§ Dataset entries:
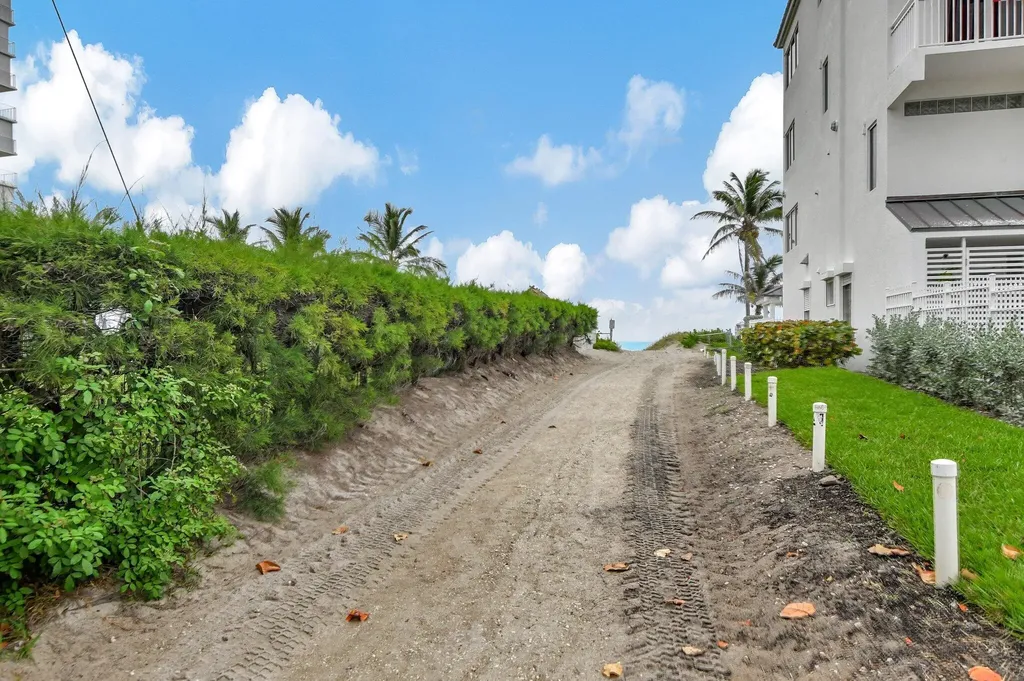 1932 NE 7th Street Deerfield Beach FL 33441
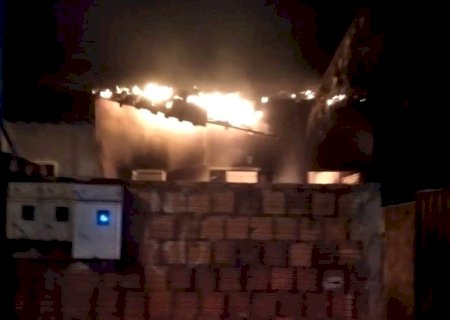 Angélica - Fogo destrói kitnet no Bairro Alvorada.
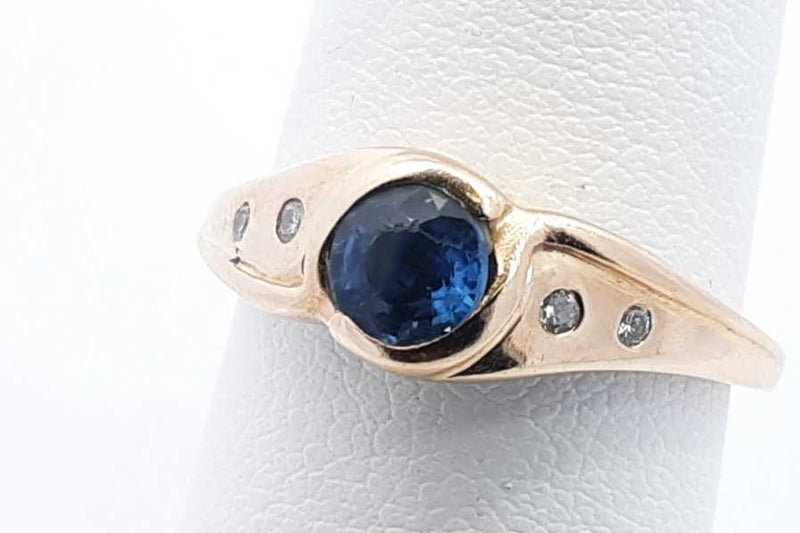 Blue Gemstone & Diamond Ring In 14k Yellow Gold 3.3 Grams Size 7 Eb0724ixsa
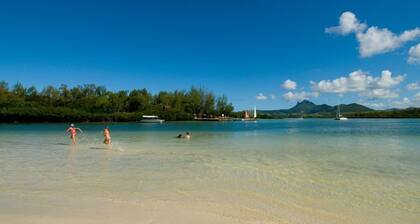 Charming villa, beachfront, family welcome, very good price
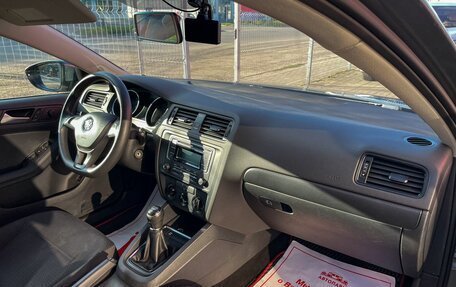 Volkswagen Jetta VI, 2015 год, 899 000 рублей, 15 фотография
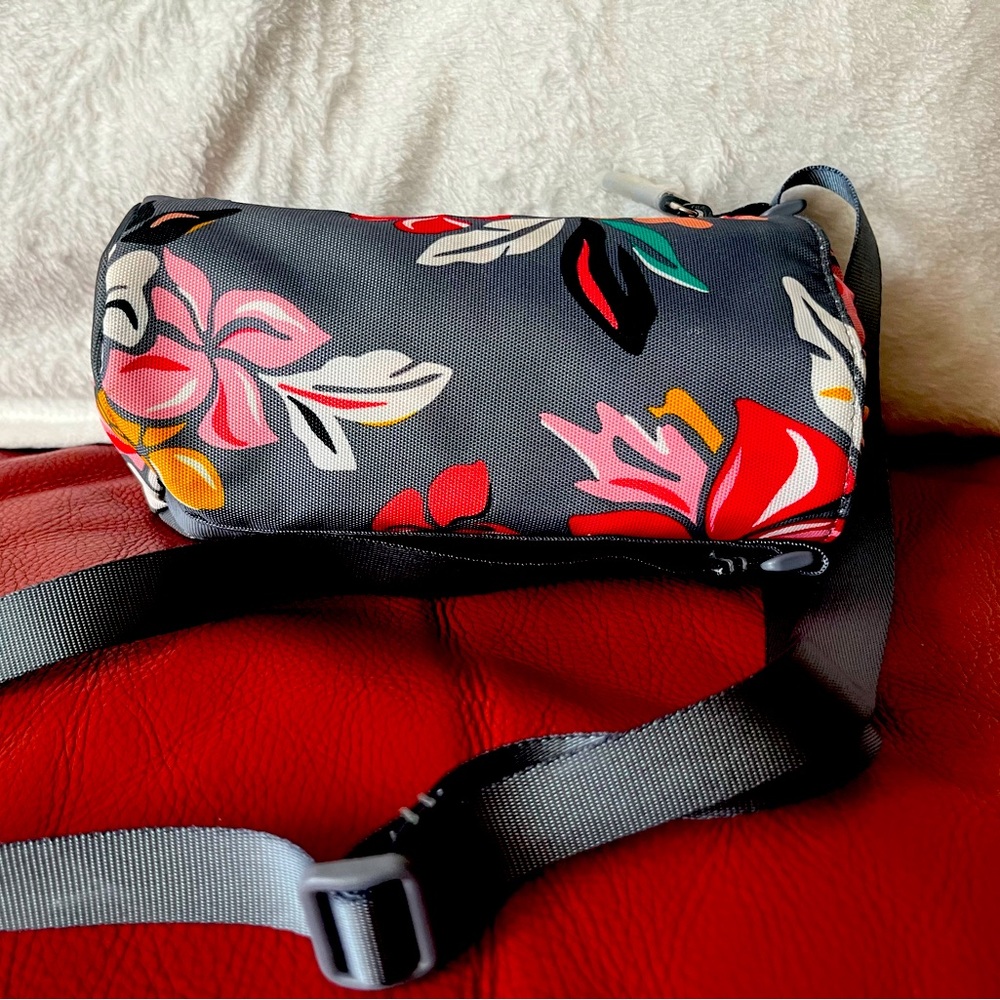 Vera Bradley water bottle carrier with shoulder strap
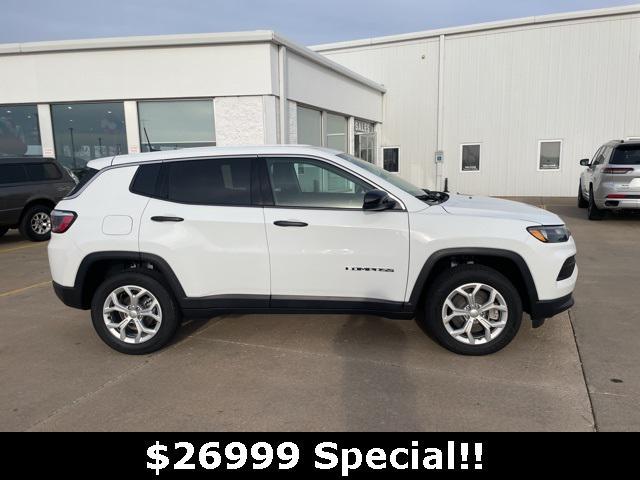 new 2024 Jeep Compass car, priced at $26,999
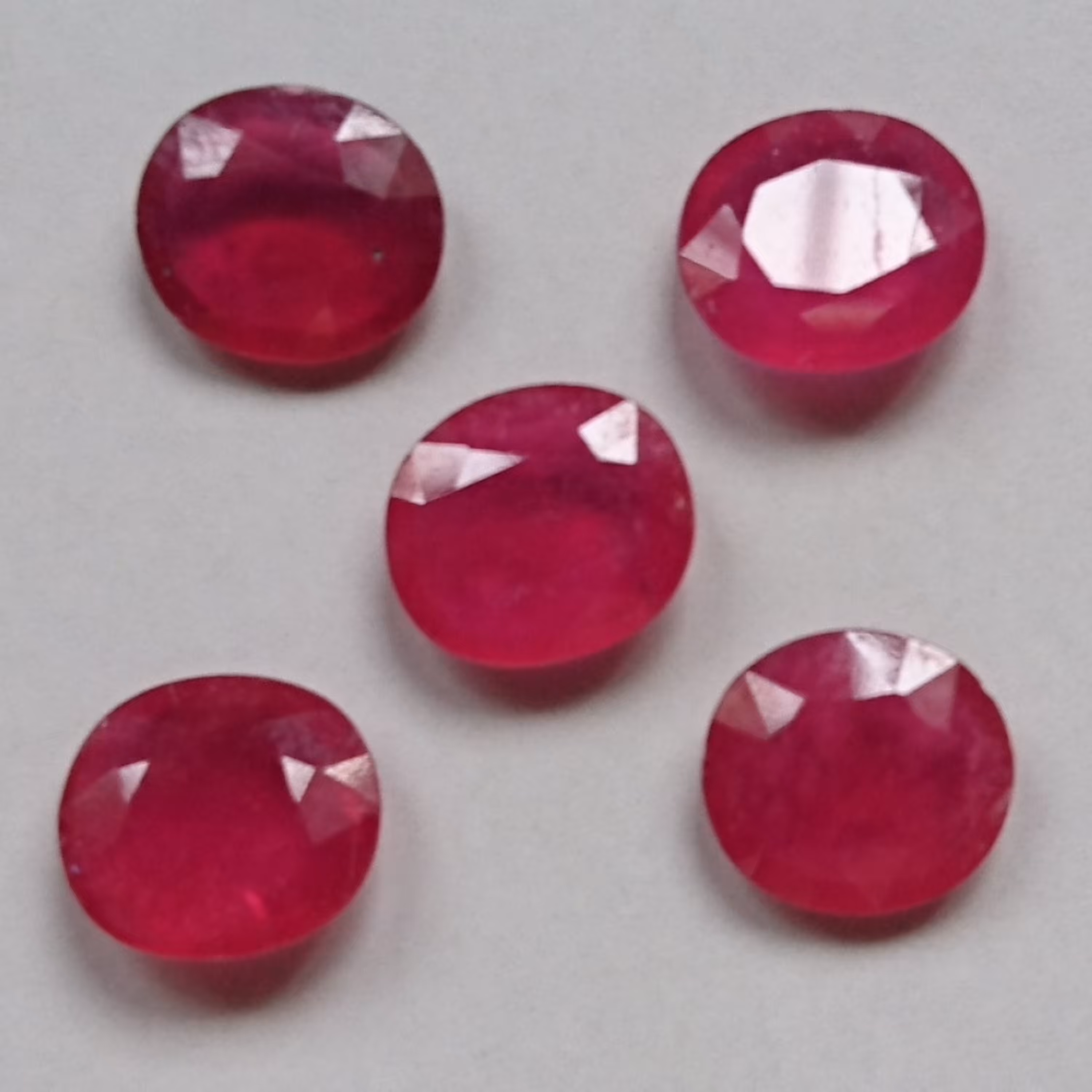 5 نگین یاقوت سرخ آفریقا معدنی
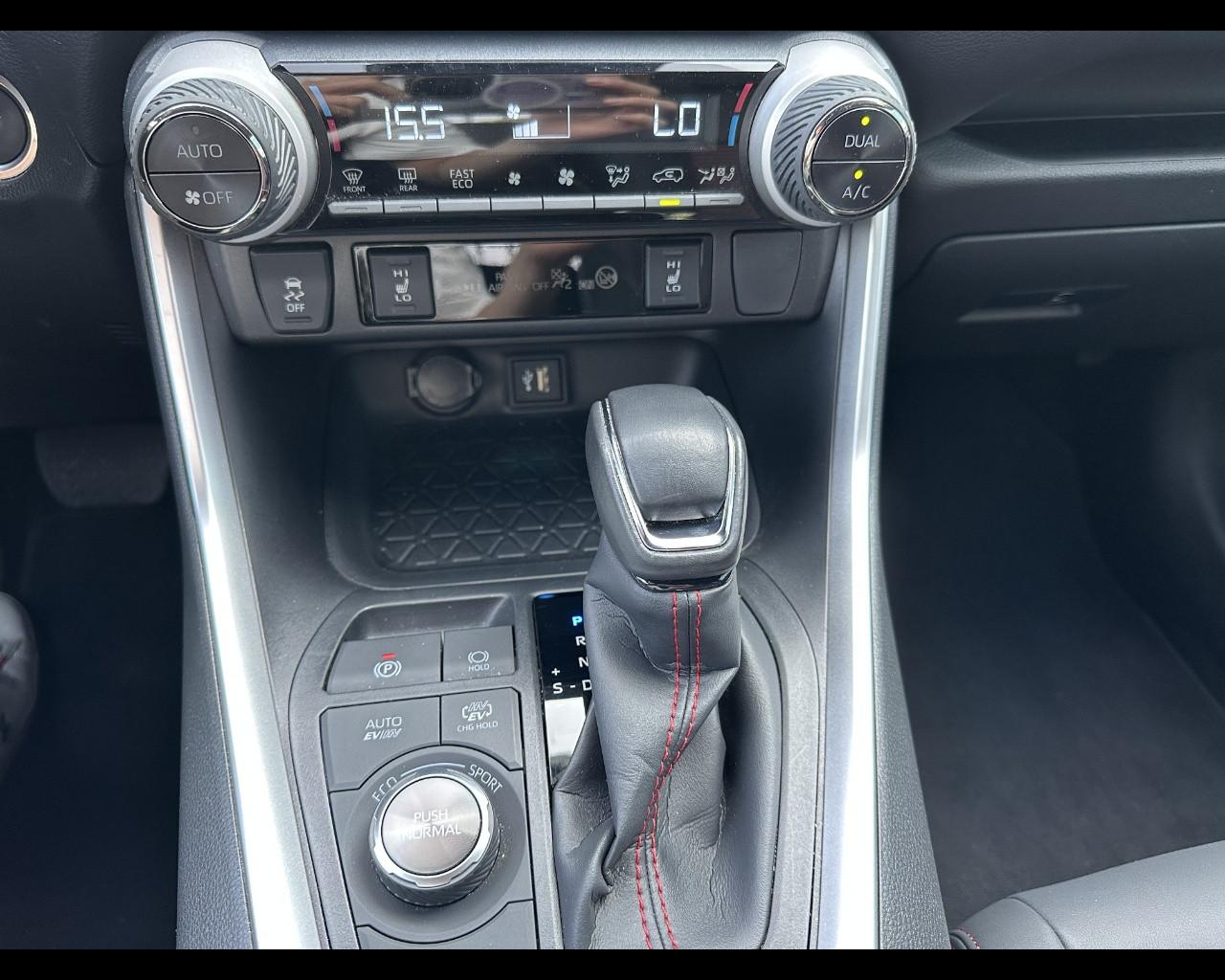 SUZUKI Across - Across 2.5 Plug-in Hybrid E-CVT 4WD Top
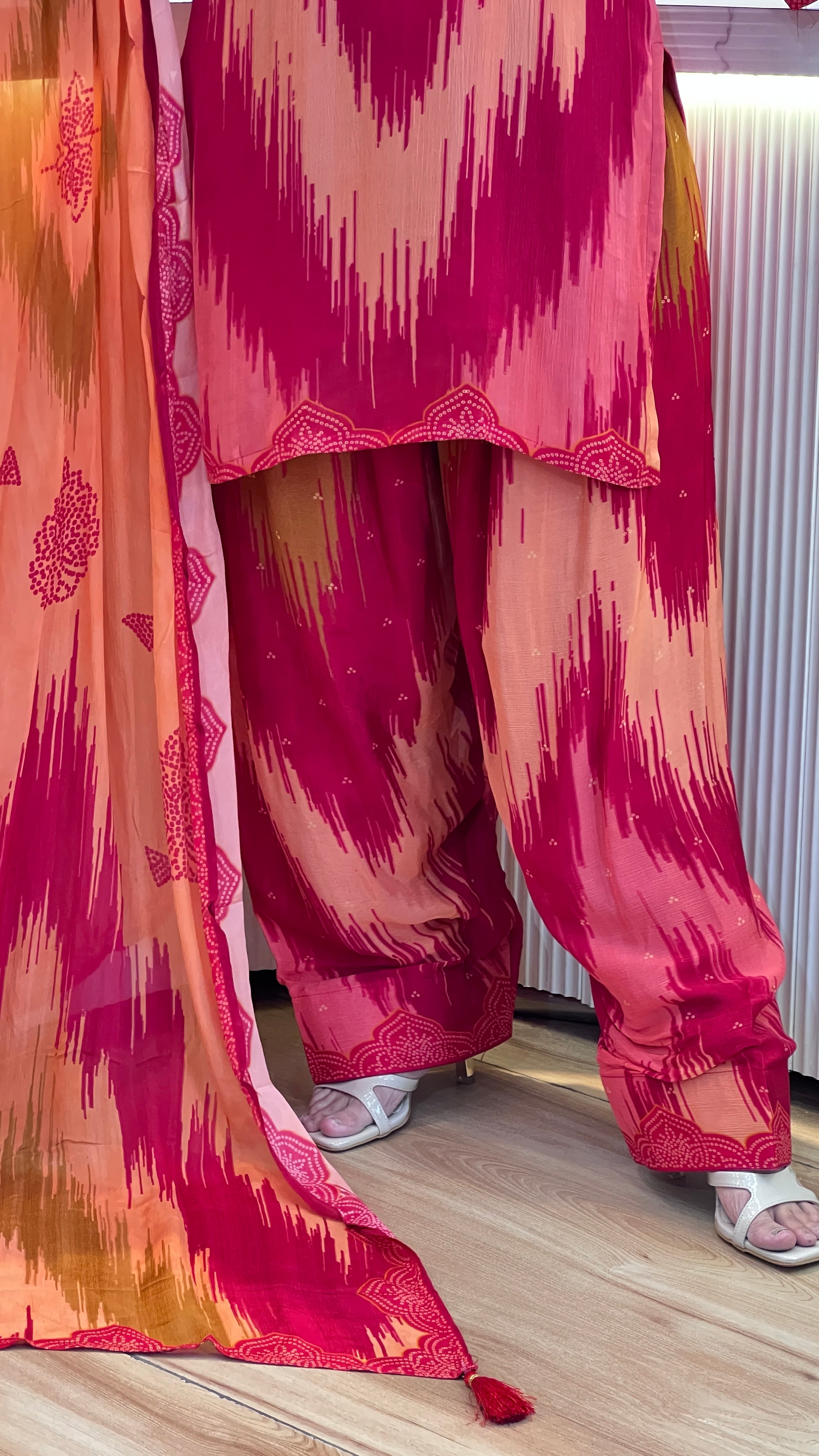 Hand-Embroidered Pure Chinon Suit Set with Farshi ( sdw 1967 )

§ Task: The lines from the one containing "new 2024 Jeep Compass car, priced at $26,999" through the last line of the records are what you should copy, word for word and nothing else, with pictures left out.

§ Answer to the exercise:
 new 2024 Jeep Compass car, priced at $26,999
 5 نگین یاقوت سرخ آفریقا معدنی
 SUZUKI Across - Across 2.5 Plug-in Hybrid E-CVT 4WD Top
 Hand-Embroidered Pure Chinon Suit Set with Farshi ( sdw 1967 )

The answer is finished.